Papers presented by Nicole de Silva since 2019

2021 Hopin Virtual Events Platform

"'Housewives Imagine a New World': The International Cooperative Women’s Guild's Conceptions of Ethical Commerce, 1921-1924"

Nicole de Silva, University of California, Santa Barbara

Abstract:

The International Cooperative Alliance (ICA), established in 1895 as an international forum for national cooperative unions, has offered historians one example of a global "fair trade" movement. Its affiliated women’s organization, the International Cooperative Women’s Guild (ICWG), formed by Austrian MP Emmy Freundlich and several English ICA colleagues in 1921, claimed that “cooperative housewives” around the world could help build an alternative, more ethical mode of global trade by shopping at consumer cooperatives. This, they claimed, would strengthen international wholesalers that linked cooperative producers to global consumers. In turn, they claimed that international cooperation could help "housewives" by offering a system of retail more responsive to consumer demand and even through promoting global peace through fairer trade. In the years following World War I, ICWG meetings provided a forum for female reformers to engage in discussions about what reconstructed global commerce might look like. By the late 1930s, conferences brought together over five hundred women from Europe, the US, and Asia and developed relationships with the League of Nations and International Labor Organization. My paper explores the "ethical imagination" of ICWG leaders, a term I use to describe their implicit conception of the morality of market interactions. ICWG commentary on cooperative trade helps reveal the contours of this imagination. As an example, I conduct a case study of Irish cooperative dairy trade during the Anglo-Irish war. I examine cooperative business records alongside ICWG archives, including conference records and petitions of Irish cooperative women to the ICWG's primarily English leaders. While identifying as a “cooperative housewife” might link oneself to an international conversation about the future of cooperative commerce, this study illustrates blindspots in ICWG leaders’ universalist conception of “women” and the limits of their ethical imaginations.

Keywords:

2020 Charlotte, North Carolina

"Housewives Imagine a New World: The Social and Economic Thought of the International Co-operative Women’s Guild, 1921-1939"

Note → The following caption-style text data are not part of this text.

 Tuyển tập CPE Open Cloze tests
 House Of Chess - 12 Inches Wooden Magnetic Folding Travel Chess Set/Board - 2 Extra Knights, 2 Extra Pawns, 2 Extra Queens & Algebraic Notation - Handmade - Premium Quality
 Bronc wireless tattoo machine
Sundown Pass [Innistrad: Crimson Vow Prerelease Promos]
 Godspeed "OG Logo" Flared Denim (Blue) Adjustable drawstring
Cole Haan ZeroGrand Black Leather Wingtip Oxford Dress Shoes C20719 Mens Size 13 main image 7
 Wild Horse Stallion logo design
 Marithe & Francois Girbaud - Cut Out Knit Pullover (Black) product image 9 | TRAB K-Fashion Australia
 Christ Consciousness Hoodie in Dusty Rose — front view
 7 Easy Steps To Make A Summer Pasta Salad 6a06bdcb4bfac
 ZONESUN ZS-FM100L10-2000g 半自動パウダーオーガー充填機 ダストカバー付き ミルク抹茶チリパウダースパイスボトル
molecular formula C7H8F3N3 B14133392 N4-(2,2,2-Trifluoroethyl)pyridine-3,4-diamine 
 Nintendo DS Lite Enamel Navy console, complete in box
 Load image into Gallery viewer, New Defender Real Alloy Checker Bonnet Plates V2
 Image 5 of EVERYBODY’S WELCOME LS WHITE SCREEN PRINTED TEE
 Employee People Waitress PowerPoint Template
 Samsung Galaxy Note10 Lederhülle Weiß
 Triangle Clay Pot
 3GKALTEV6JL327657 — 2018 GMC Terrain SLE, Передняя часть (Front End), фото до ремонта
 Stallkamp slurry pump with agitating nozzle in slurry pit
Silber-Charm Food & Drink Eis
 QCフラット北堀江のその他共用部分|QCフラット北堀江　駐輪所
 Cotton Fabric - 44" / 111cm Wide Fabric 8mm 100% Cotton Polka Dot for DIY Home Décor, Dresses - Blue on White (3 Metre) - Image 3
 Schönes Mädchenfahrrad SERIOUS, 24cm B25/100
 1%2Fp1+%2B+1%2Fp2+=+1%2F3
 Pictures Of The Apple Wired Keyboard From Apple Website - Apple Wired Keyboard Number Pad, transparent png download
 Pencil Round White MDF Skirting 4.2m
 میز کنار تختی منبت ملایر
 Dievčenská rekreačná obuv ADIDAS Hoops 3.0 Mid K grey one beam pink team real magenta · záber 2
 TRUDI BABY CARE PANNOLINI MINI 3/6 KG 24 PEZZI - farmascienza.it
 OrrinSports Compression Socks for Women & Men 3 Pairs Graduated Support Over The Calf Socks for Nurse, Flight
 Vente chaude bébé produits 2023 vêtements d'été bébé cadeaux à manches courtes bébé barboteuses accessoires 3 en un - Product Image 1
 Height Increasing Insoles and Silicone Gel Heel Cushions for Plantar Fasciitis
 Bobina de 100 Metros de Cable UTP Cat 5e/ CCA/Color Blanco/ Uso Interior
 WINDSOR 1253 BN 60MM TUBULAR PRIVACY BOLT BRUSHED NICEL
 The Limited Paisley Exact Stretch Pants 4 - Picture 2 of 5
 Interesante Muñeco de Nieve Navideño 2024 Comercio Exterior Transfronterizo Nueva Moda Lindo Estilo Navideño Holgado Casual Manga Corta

Nicole de Silva, University of California, Santa Barbara

Abstract:

The International Cooperative Alliance (established 1895) and the International Cooperative Wholesale Society (formed 1924 to collect and exchange market data) helped to extend the global reach of the co-operative movement in the interwar period. These organizations have received some scholarly attention, but fewer historians have examined the International Co-operative Women’s Guild (ICWG, founded 1921). By 1937, ICWG conferences brought together over five-hundred women from the U.S. and Europe. The ICWG gave feminist economists and self-declared “housewives” an institutional space for reimagining global political economy from the bottom-up view of the household-consumer. Through an examination of the ICWG papers and writings of leaders, I claim that co-operative women combined social ideals with business practices in three ways. First, when international co-operative wholesalers like the English CWS gained control of agricultural and industrial production, this theoretically gave consumers more direct control over the kinds and qualities of goods supplied. The movement's methods of "production for use," according to the ICWG, offered a form of "economic planning" that moved up from consumer demand. Second, women claimed that these wholesalers' expansive methods of food inspection offered to create a new and more stringent international regime of food safety regulation. This helped ensure that working housewives had access to safe, affordable food for their families. Finally, co-operative women used their international network to advocate for the importance of unwaged housework at an international level, and advocated local uses of the co-operative form to collectivize this work through co-operative, communal laundries and kitchens. Overall, I claim that identifying as a "co-operative housewife" offered to link women to an expansive international vision of social economy, even as there were distinctions between the concerns of urban and rural women co-operators.